Uses punishment to deter the individual offender from re-offending. Punishment may convince the offender that it’s not worth repeating the experience.
- In the UK in the 1980s, Margaret Thatcher’s government introduced a tough new system in juvenile detention centres described as a ‘short, sharp shock’ to deter young offenders.
What is general deterrence?
- Aims at deterring society in general from breaking the law. If the public see an individual offender being punished, they will see what they themselves will have to suffer if they commit a similar crime.
- Making an example of individual will have general effect and teach everyone else a lesson.
- In past, this was done through public punishments e.g. executions, so that everyone could see for themselves the consequences of offending. Today, the public are more likely to learn about costs of offending from media reports instead.
Deterrence: link to Right realism theorists.
Favours deterrence as a means of crime prevention:
- Rational choice theory - sees individuals as rational actors who weight up costs and benefits before deciding whether to offend.
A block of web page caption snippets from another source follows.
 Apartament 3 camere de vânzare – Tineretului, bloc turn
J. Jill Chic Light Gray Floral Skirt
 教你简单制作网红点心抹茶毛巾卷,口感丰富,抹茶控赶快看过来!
Therefore, severe punishments and a high chance of getting caught will deter offenders.
- Situational crime prevention strategies - such as target hardening, make it harder to commit an offence successfully and therefore acts as a deterrent.
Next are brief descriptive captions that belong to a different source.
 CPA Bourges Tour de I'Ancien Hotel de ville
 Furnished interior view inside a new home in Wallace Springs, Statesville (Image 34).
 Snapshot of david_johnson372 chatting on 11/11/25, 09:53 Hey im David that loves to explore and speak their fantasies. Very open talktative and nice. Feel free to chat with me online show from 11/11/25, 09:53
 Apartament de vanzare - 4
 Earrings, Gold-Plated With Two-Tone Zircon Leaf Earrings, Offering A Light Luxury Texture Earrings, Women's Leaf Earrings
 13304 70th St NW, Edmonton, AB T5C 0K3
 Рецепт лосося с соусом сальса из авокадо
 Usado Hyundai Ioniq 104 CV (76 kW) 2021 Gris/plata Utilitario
Deterrence: link to Social learning theory.
Relevant to understanding general deterrence. If would-be offenders see a model being punished for offending, they will be less likely to imitate that behaviour.
Deterrence: Criticisms.
- There’s little evidence that short, sharp shocks/boot camps reduced youth offending in either UK/USA.
- 1/2 of all prisoners re-offend within a year of release suggests that prison is not an effective deterrent.
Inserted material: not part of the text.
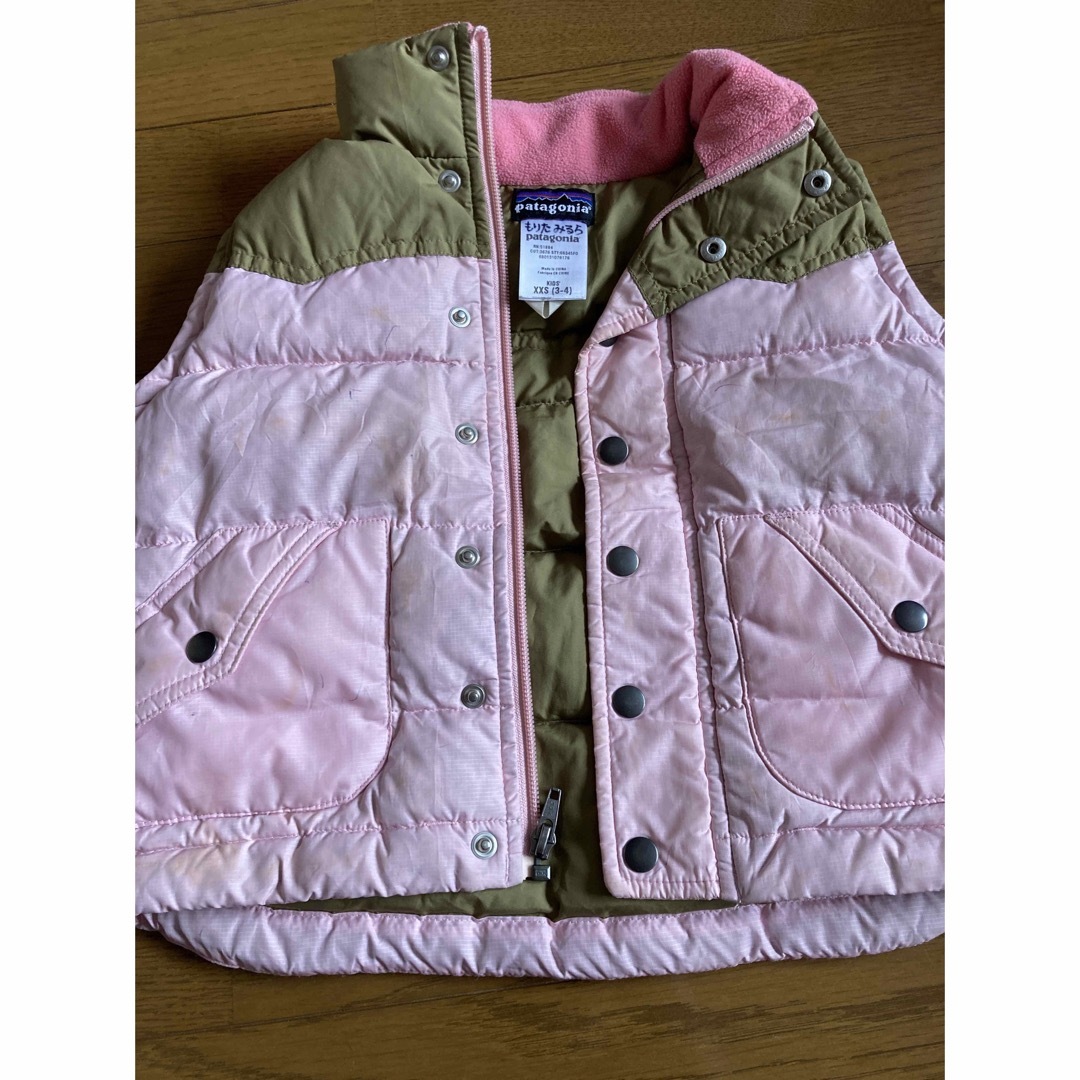 patagonia(パタゴニア)のキッズパタゴニア　ダウンベスト　ピンク値下げ キッズ/ベビー/マタニティのキッズ服女の子用(90cm~)(ジャケット/上着)の商品写真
- How do we decide how severe a punishment needs to be for it to deter enough would-be offenders?
- Deterrence assumes would-be offenders know what the punishments are, but they may be ignorant of the penalties.
- Deterrence assumes offenders act rationally, carefully weighing up the risks. But some act irrationally, driven by their emotions without through for the likely punishment.
- People who break laws they see as unjust are unlikely to be deterred by punishment.
Public protection: Incapacitation.
Punishment may be used to protect the public from further offending by incapacitating offenders. Incapacitation is use of punishment to remove the offenders physical capacity to offend again.
Public Protection: Policies.
There have been many types of incapacitation policy at different times and places, e.g.:
- execution - of offenders, preventing them from committing any further crimes.
- cutting off hands of thieves.
- chemical castration of sex offenders.
- banishment
- foreign travel bans - to prevent football hooligans attending matches abroad.
- curfews and electronic tagging - to prevent further offending by restricting offenders’ movements.
Public protection: Imprisonment.
- Main means of incapacitation in today’s societies. Important part of the claim that ‘prison works’ by taking offenders out of circulation, it prevents them committing further crimes against the public.
- Incapacitation for public protection has influenced sentencing laws e.g. Crime Act 1997 introduced mandatory minimum jail sentences for repeat offenders.
- US ‘three strikes and you’re out’ laws were introduced in 1990s. Gives offenders long prison sentences for a third offence, however minor, if either of their two earlier offences was a serious crime.